EXERCISE GOAL – The range to repeat runs from the line with "Lakeview House |" to the last line below, both ends included; give it exactly and without pictures.

Image-caption web data
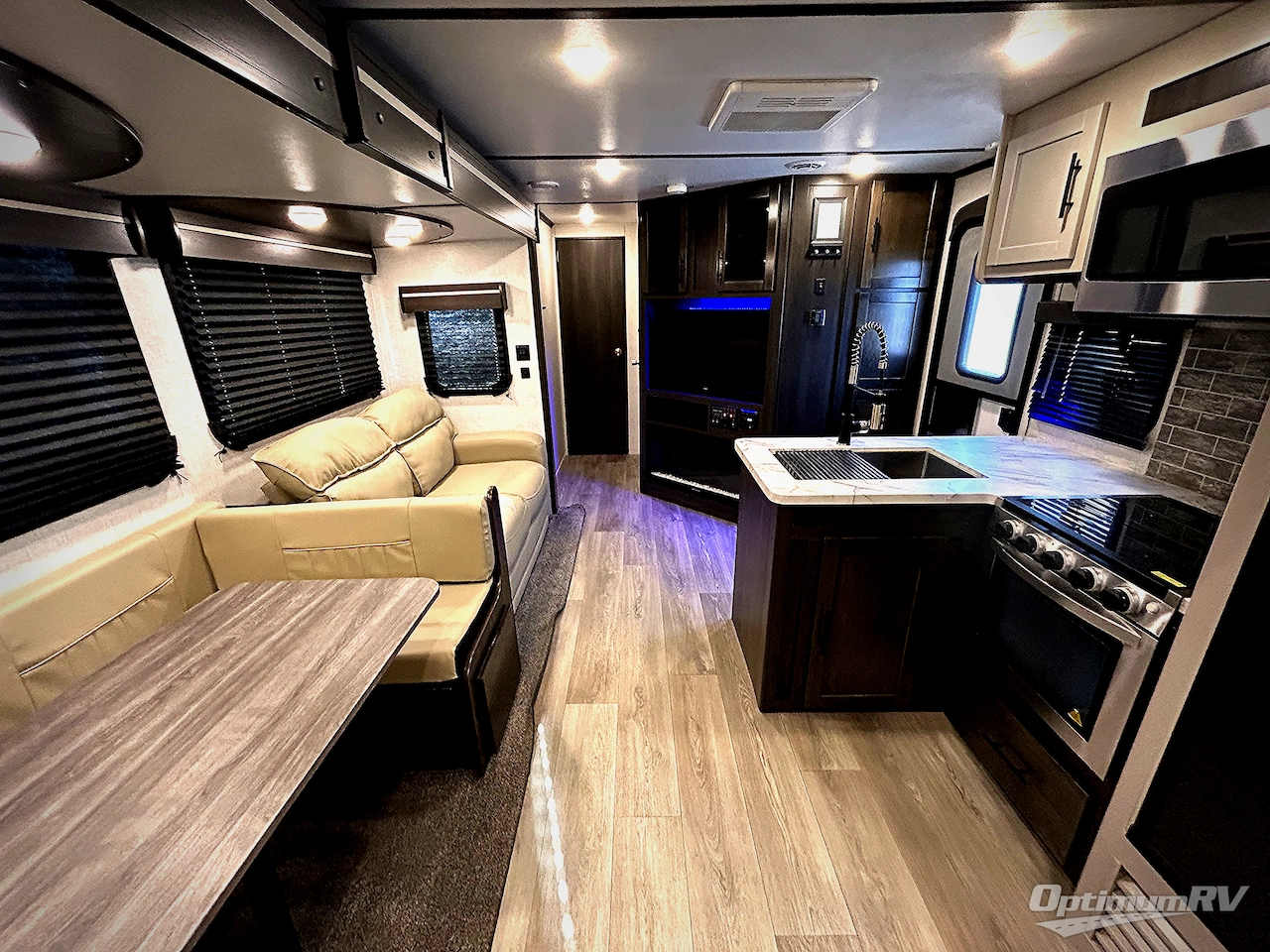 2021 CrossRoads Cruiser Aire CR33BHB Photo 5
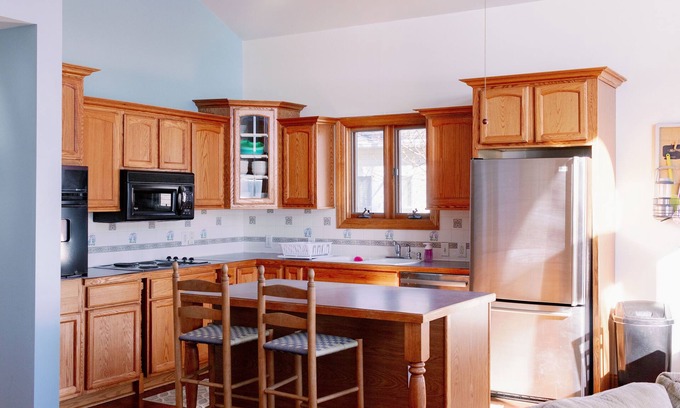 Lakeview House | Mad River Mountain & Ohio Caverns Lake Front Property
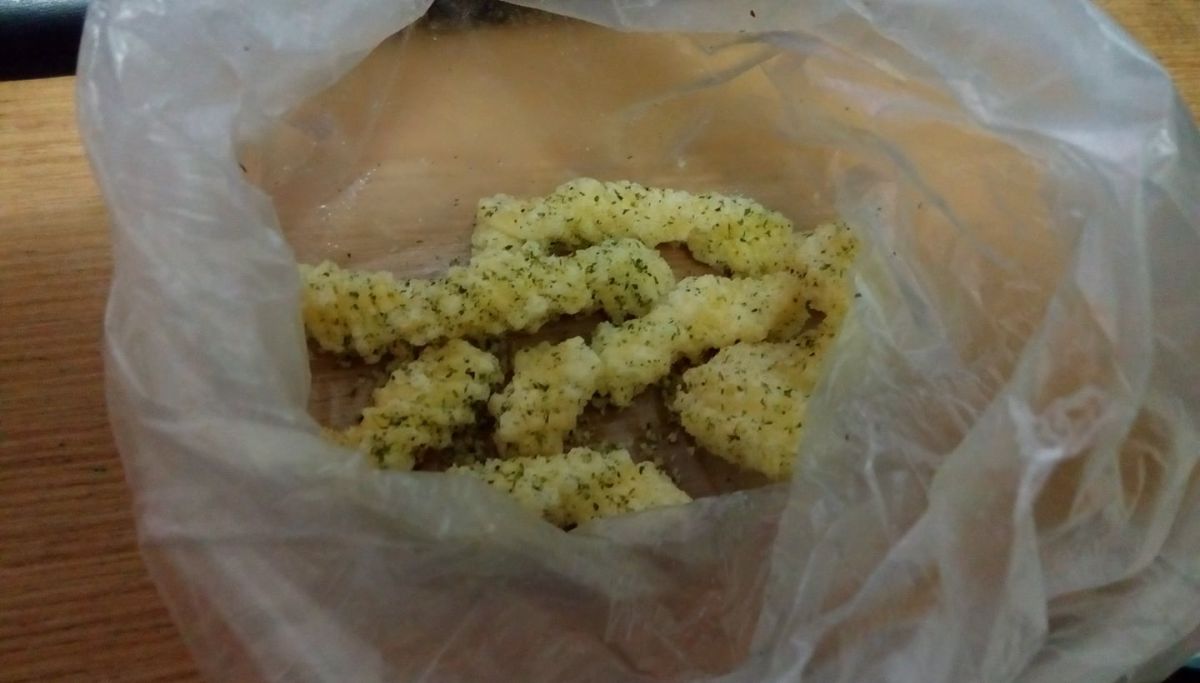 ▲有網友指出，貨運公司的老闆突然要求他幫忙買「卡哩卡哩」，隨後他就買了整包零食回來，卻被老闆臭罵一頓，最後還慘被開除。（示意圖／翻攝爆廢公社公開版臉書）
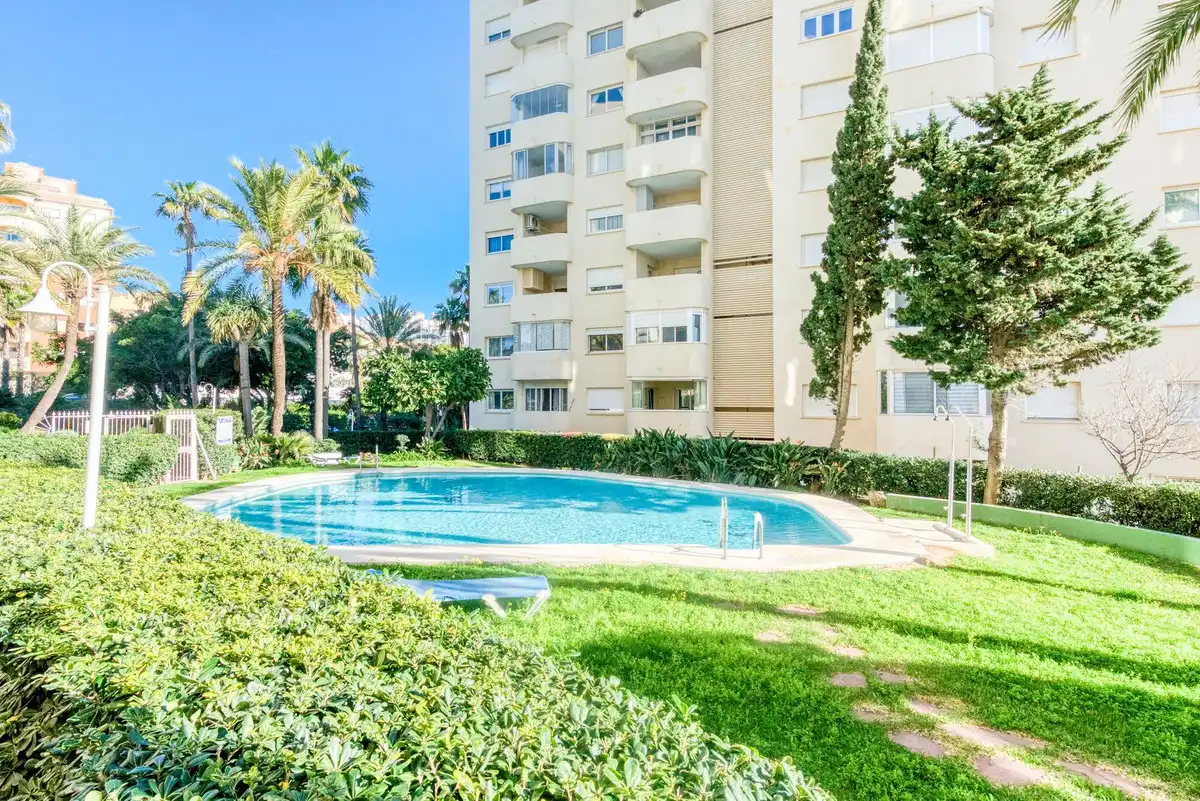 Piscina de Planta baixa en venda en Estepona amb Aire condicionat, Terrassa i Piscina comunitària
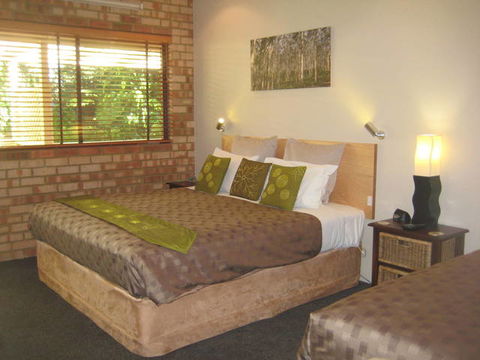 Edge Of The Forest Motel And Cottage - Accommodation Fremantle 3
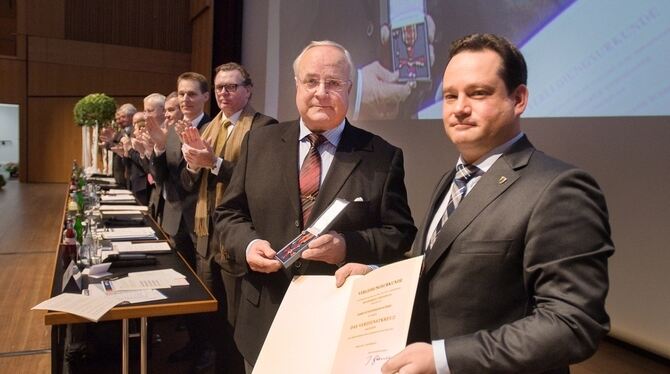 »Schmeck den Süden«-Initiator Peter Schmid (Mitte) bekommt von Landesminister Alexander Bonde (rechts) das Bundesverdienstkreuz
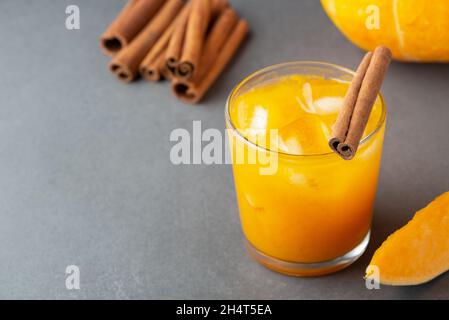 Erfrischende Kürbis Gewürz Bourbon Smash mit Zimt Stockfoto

EXPECTED ANSWER –
 Lakeview House | Mad River Mountain & Ohio Caverns Lake Front Property
 ▲有網友指出，貨運公司的老闆突然要求他幫忙買「卡哩卡哩」，隨後他就買了整包零食回來，卻被老闆臭罵一頓，最後還慘被開除。（示意圖／翻攝爆廢公社公開版臉書）
 Piscina de Planta baixa en venda en Estepona amb Aire condicionat, Terrassa i Piscina comunitària
 Edge Of The Forest Motel And Cottage - Accommodation Fremantle 3
 »Schmeck den Süden«-Initiator Peter Schmid (Mitte) bekommt von Landesminister Alexander Bonde (rechts) das Bundesverdienstkreuz
 Erfrischende Kürbis Gewürz Bourbon Smash mit Zimt Stockfoto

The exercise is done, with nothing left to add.